The Islamic State is a Sunni Muslim terrorist group. It considers Shias heretics and has claimed several previous attacks in Pakistan but the Shia mosque bombing is the biggest and the deadliest yet, the report said.
The anti-Shia Muslim campaign first began gathering pace on social media last September, demanding that Shia Muslims were declared heretics. The hashtag "infidel, infidel, Shias are infidel" began trending. The same month, Sunni Muslims took out a massive procession in Karachi calling for the beheading of the "heretic" Shias, the report further said.
Many Shia families and prominent people among them have gone into hiding after they were named as targets for assassination on the charge of blasphemy. Blasphemy is a capital offence in Pakistan and even unsubstantiated allegations can lead to mob violence and lynchings against the accused.
At the forefront of the anti-Shia campaign in Pakistan are two hardline Sunni Muslim groups, Ahl-e-Sunnat-Wal-Jamaat (ASWJ) and Tehreek-e-Labbaik Pakistan (TLP). ASWJ had previously been banned in Pakistan under the Anti-Terrorism Act before it was lifted in 2018 but is still globally considered a terrorist organisation. Sectarian persecution of Shia Muslims has been a long-running fracture in Pakistan, exacerbated by the proxy wars fought on Pakistan soil by Sunni-majority Saudi Arabia and Shia-majority Iran, as well as the US's 'war on terror', according to reports.
The Taliban has added another complication for Pakistan. After assuming power in Afghanistan, the Taliban have launched an operation to wipe out ISIS-K from the country. That has forced the fighters of the terror group to cross the border into Pakistan to take shelter.

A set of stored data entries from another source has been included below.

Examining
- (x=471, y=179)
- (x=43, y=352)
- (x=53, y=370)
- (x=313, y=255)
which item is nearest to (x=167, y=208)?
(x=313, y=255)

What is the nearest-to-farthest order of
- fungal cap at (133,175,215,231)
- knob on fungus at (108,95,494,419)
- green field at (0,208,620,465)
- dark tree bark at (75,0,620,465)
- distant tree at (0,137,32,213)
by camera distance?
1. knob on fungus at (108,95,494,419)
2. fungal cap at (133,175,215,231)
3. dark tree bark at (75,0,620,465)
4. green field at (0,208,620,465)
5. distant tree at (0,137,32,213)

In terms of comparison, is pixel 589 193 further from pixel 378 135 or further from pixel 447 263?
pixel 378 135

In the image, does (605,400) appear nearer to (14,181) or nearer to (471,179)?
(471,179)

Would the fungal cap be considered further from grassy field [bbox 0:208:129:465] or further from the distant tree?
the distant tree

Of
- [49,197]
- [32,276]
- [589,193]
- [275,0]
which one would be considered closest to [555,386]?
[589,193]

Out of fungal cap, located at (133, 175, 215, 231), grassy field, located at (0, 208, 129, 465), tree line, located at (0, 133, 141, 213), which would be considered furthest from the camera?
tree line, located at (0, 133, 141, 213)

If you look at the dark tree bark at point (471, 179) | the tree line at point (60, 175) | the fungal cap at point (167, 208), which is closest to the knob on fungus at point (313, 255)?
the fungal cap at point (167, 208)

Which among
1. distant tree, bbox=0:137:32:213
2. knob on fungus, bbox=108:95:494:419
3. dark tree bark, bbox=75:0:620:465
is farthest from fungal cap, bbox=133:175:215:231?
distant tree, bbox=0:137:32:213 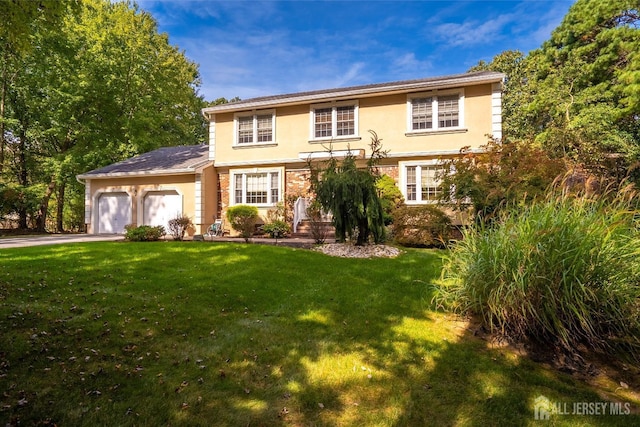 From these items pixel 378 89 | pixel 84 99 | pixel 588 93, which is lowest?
pixel 378 89

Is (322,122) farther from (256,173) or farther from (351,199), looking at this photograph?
(351,199)

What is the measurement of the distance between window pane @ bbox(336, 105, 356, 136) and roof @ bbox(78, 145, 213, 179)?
7077 millimetres

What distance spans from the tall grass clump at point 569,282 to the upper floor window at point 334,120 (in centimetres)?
1214

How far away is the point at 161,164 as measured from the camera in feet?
Answer: 58.3

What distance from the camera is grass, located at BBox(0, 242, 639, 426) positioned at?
2578 millimetres

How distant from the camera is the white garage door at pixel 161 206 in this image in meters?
16.6

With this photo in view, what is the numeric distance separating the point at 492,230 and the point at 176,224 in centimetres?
1141

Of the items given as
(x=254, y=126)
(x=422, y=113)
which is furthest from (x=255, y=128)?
(x=422, y=113)

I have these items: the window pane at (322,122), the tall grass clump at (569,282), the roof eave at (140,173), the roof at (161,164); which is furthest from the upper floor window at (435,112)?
the tall grass clump at (569,282)

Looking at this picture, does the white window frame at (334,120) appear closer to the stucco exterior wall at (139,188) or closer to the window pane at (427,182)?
the window pane at (427,182)

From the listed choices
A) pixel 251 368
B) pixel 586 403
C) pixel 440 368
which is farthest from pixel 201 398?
pixel 586 403

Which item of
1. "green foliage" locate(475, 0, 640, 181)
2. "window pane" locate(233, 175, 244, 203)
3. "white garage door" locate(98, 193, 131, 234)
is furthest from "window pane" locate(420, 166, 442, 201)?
"white garage door" locate(98, 193, 131, 234)

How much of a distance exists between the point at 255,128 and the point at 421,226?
10.1 meters

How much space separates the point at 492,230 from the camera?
454 centimetres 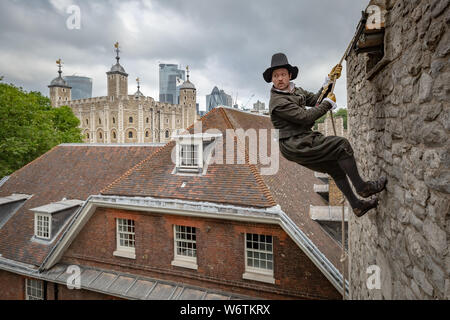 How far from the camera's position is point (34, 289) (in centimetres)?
1248

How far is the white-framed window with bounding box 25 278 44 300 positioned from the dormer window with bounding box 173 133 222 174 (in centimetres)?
819

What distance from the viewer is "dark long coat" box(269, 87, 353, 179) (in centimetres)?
333

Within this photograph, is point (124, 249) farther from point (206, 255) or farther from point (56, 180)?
point (56, 180)

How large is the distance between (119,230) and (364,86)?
32.7 ft

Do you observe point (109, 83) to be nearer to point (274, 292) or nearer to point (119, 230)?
point (119, 230)

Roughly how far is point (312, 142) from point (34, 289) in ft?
47.1

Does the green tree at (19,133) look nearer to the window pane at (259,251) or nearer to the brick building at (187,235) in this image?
the brick building at (187,235)

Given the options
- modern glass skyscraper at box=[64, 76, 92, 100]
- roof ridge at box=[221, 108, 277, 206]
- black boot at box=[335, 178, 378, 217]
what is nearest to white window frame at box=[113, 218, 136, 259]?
roof ridge at box=[221, 108, 277, 206]

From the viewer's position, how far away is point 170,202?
969 centimetres

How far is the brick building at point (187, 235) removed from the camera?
27.6 ft

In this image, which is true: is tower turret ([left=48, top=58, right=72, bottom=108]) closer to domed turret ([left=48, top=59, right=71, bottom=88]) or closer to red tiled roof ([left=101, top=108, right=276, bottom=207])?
domed turret ([left=48, top=59, right=71, bottom=88])

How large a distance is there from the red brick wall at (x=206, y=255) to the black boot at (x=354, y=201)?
5033 mm

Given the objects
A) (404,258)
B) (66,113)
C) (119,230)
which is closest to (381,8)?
(404,258)

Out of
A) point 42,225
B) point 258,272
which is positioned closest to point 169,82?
point 42,225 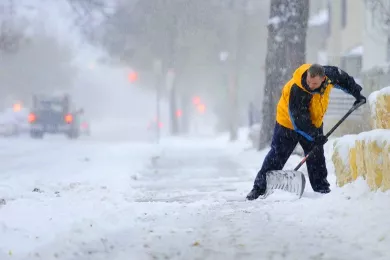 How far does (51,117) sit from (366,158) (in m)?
24.5

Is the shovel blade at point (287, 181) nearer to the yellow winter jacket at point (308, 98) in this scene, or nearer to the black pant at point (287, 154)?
the black pant at point (287, 154)

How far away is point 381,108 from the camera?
19.2 feet

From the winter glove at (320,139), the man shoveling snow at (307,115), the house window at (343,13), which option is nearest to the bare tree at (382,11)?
the house window at (343,13)

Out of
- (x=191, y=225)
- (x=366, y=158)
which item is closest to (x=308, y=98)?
(x=366, y=158)

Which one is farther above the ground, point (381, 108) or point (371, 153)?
point (381, 108)

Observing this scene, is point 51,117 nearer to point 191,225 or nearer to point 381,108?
point 381,108

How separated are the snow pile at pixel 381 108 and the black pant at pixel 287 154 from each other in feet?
2.95

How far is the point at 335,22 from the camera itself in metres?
29.7

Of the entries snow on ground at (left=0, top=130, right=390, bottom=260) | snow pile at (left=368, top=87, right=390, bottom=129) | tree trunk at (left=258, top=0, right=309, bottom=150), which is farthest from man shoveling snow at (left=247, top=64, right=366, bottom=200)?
tree trunk at (left=258, top=0, right=309, bottom=150)

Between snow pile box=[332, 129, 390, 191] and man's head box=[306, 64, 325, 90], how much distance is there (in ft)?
2.03

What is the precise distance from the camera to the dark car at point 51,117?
28.1 meters

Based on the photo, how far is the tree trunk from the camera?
13.0m

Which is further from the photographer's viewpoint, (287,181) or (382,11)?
(382,11)

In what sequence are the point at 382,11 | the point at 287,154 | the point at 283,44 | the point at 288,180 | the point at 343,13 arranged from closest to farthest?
the point at 288,180 → the point at 287,154 → the point at 283,44 → the point at 382,11 → the point at 343,13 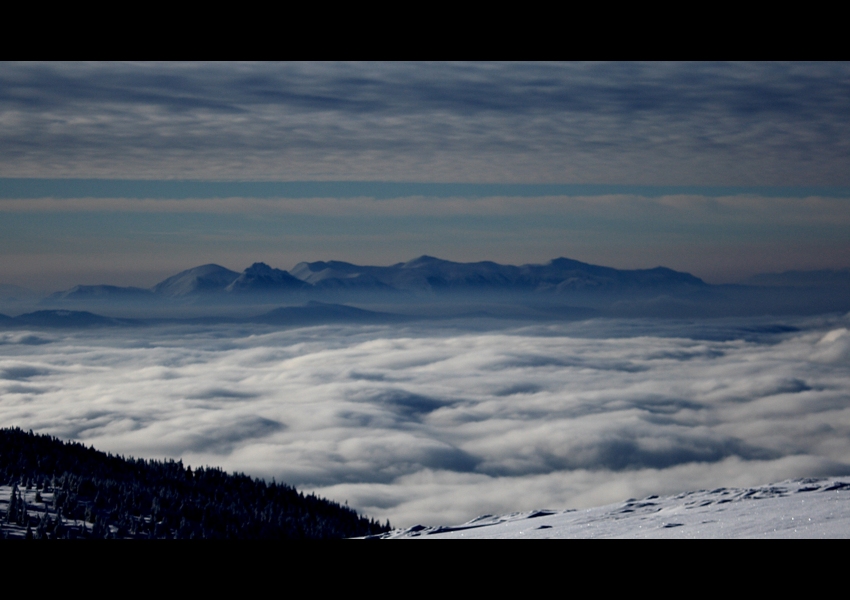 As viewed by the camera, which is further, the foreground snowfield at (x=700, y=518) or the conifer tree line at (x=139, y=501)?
the conifer tree line at (x=139, y=501)

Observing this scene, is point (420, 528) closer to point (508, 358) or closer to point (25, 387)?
point (25, 387)

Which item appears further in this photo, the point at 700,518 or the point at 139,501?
the point at 139,501

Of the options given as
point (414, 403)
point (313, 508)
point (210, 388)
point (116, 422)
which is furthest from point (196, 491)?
point (210, 388)

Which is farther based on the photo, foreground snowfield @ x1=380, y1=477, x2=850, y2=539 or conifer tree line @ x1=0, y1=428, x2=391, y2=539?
conifer tree line @ x1=0, y1=428, x2=391, y2=539

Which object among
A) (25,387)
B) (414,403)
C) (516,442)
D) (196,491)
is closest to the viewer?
(196,491) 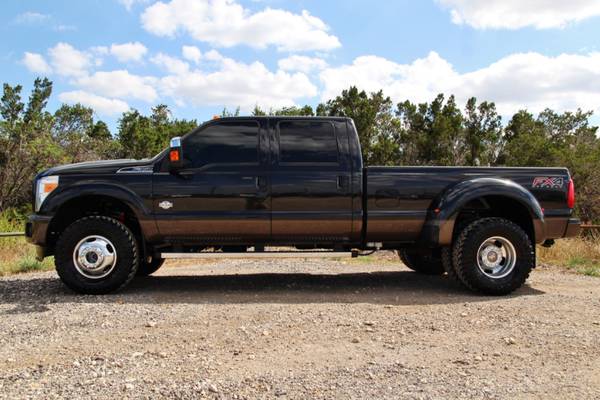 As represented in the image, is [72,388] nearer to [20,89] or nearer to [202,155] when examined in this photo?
[202,155]

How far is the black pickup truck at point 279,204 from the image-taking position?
565 centimetres

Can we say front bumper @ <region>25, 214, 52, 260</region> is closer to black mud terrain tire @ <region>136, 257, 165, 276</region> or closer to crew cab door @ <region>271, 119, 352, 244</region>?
black mud terrain tire @ <region>136, 257, 165, 276</region>

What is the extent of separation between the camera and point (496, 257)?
5.86 meters

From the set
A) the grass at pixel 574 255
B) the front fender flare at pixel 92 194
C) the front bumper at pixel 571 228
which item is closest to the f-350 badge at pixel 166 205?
the front fender flare at pixel 92 194

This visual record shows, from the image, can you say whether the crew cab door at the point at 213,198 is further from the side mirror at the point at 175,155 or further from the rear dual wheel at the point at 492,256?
the rear dual wheel at the point at 492,256

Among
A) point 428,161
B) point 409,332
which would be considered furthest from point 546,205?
point 428,161

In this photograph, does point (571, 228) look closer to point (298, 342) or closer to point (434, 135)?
point (298, 342)

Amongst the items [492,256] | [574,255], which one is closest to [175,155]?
[492,256]

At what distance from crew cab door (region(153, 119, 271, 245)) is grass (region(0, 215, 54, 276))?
342 centimetres

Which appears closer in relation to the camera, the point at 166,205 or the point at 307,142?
the point at 166,205

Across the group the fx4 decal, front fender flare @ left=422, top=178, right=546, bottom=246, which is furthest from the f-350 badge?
the fx4 decal

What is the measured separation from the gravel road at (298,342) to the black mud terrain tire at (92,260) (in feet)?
0.53

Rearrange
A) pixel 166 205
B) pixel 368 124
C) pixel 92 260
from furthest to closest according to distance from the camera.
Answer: pixel 368 124 → pixel 166 205 → pixel 92 260

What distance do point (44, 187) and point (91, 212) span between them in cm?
59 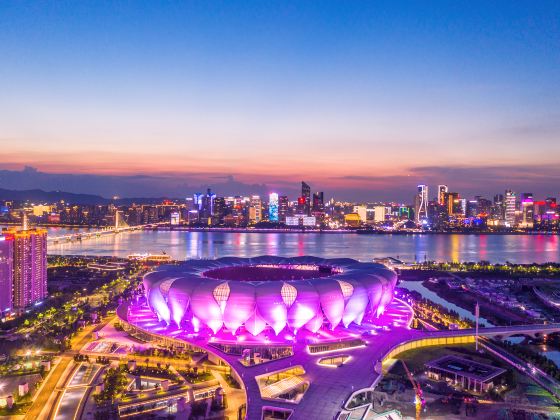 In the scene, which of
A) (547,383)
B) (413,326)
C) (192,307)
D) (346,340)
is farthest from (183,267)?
(547,383)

That is largely how they end up in Peshawar where they are now carrying attacks against Shias.
Growing anti-Shia terrorist attacks by Islamic State Khorasan (ISIS-K) has left Pakistan literally clueless on how to handle the situation which, the international community is quick to point out, is mostly its own doing by trying to develop relations with terror groups antagonistic to one another as a matter of policy, the report said.